In completing this artifact, I learned that designing a template for students to use safely across two years of learning is difficult. There must be a balance between ultimate digital functionality which is engaging to the student, and the safety that must be considered when using a third-party app outside of the district’s org unit. In fact, our district prohibits many third-party apps outside our Google Suite for Education.This is frustrating since it’s natural to want to give students access to the coolest tools for portfolio making. However, student identity safety is also an important consideration for teachers, as the students could easily compromise their own safety without knowing it if they were to share using their personal accounts on a third party app. Last, I learned how to transfer student work to allow them intellectual property rights at the end of the coursework. IB requires us to retain the student work two years after graduation. A digital platform absolutely makes that easier, but the students also have a right to what they created. It isn’t easy to grant the access to their .org created portfolios after graduation. Working with our media center specialist who is trained in the Google Suite of products, I was able to work a solution to granting access to the portfolio for copy before the Seniors graduate.

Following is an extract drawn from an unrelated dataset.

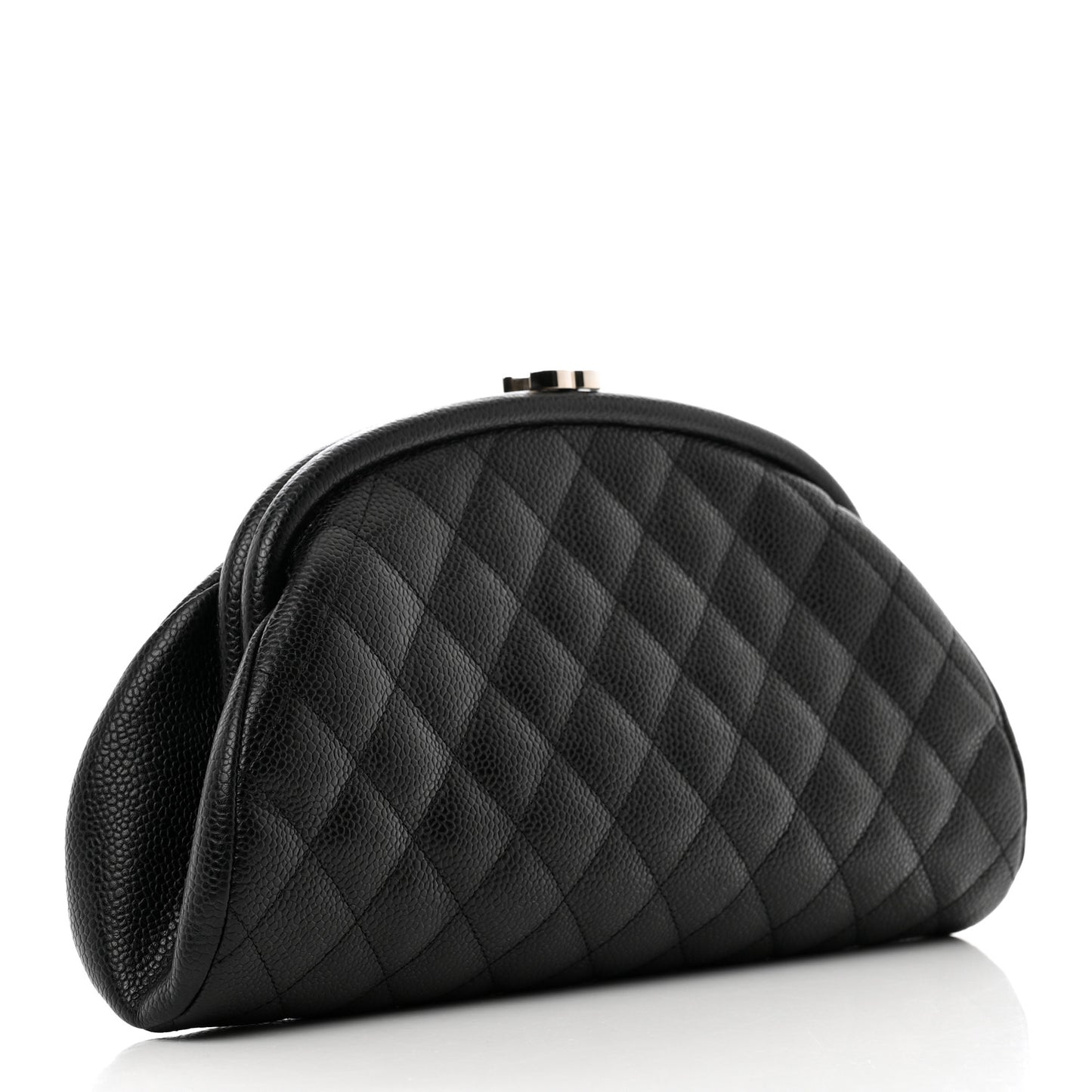 Caviar Quilted Timeless Clutch Black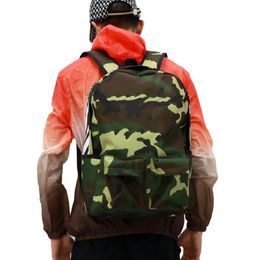 Backpack OFF Strip White Backpacks Hip Hop Fashion Street Style Travel Bags Basketball/Skate/Football/Running/Cycling Sports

Overall the portfolio will help students to take ownership over the learning that they are doing. The IB curriculum invites students reflection over their own learning, and so this website will enable students to draw on their learning to make conclusions about the global issues the IB presents them with. Also, it’s easy for students to see individual works of literature as single points of demonstration rather than connected by theme of issue, so the portfolio will enable students to more faithfully participate in the intent of the IB, which is to increase global awareness through the study of literature.